#### [WORK REQUEST]
Using the listing below, set down exactly the lines starting at the line that contains "Bague en laiton" and ending at the line that contains "Mamma Fendi Mamma", both included, and no others.

Top of THE DATA

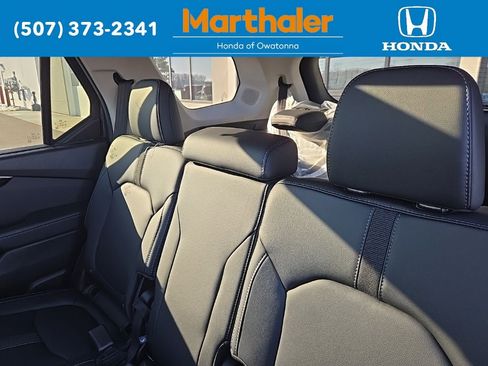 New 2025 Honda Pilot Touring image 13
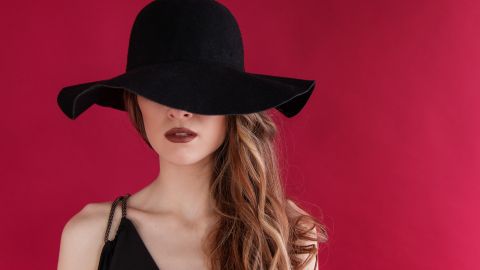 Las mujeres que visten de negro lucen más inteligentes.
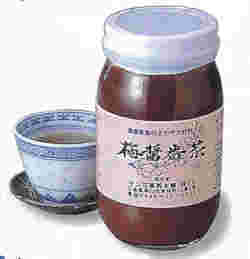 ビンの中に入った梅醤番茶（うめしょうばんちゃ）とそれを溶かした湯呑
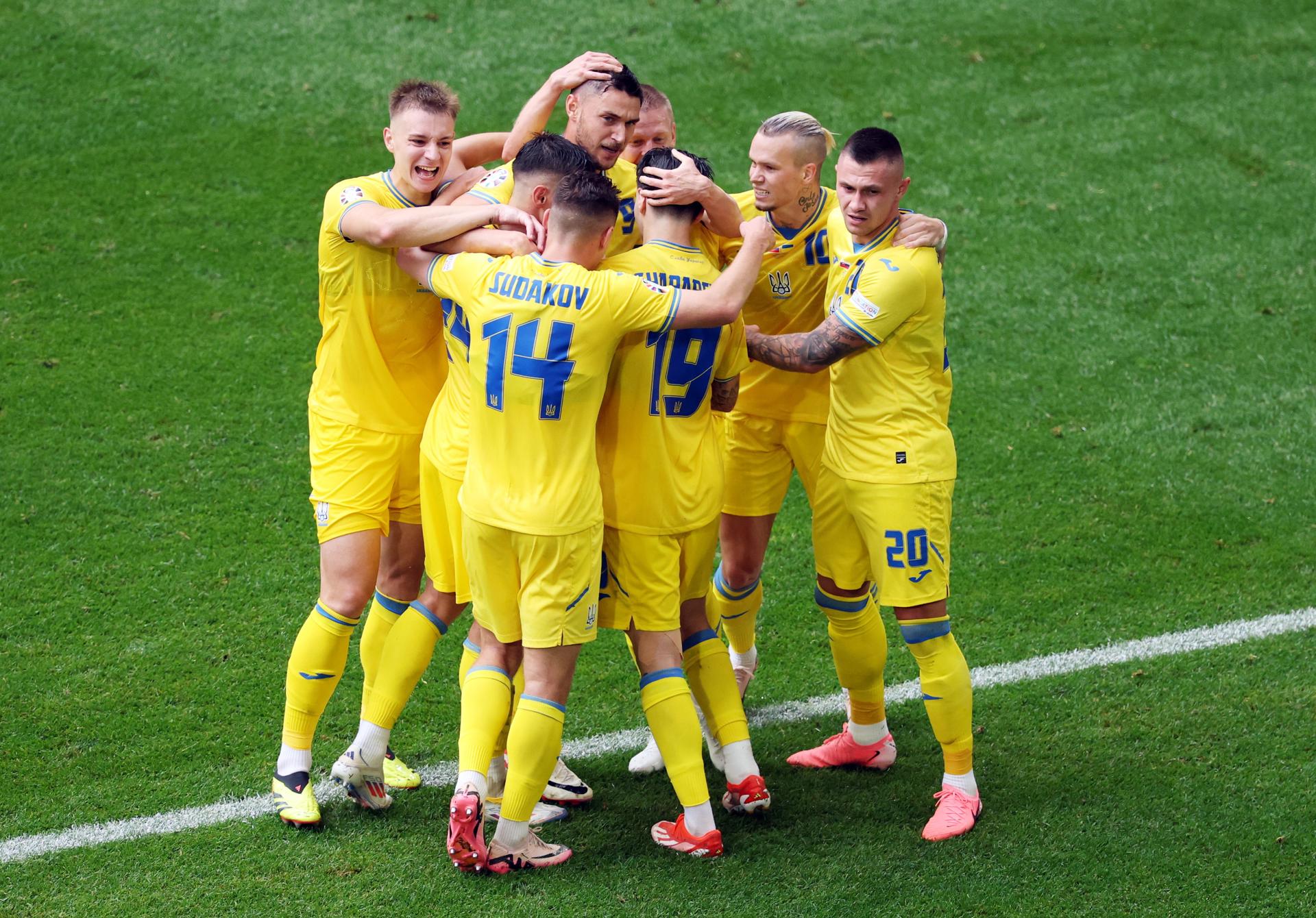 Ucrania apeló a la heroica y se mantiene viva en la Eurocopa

Bottom of THE DATA
Top of THE DATA

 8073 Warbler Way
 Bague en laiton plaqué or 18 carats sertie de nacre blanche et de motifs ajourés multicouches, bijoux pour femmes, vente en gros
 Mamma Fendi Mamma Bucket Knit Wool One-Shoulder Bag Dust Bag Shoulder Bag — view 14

Bottom of THE DATA

#### [RESULT]
 Bague en laiton plaqué or 18 carats sertie de nacre blanche et de motifs ajourés multicouches, bijoux pour femmes, vente en gros
 Mamma Fendi Mamma Bucket Knit Wool One-Shoulder Bag Dust Bag Shoulder Bag — view 14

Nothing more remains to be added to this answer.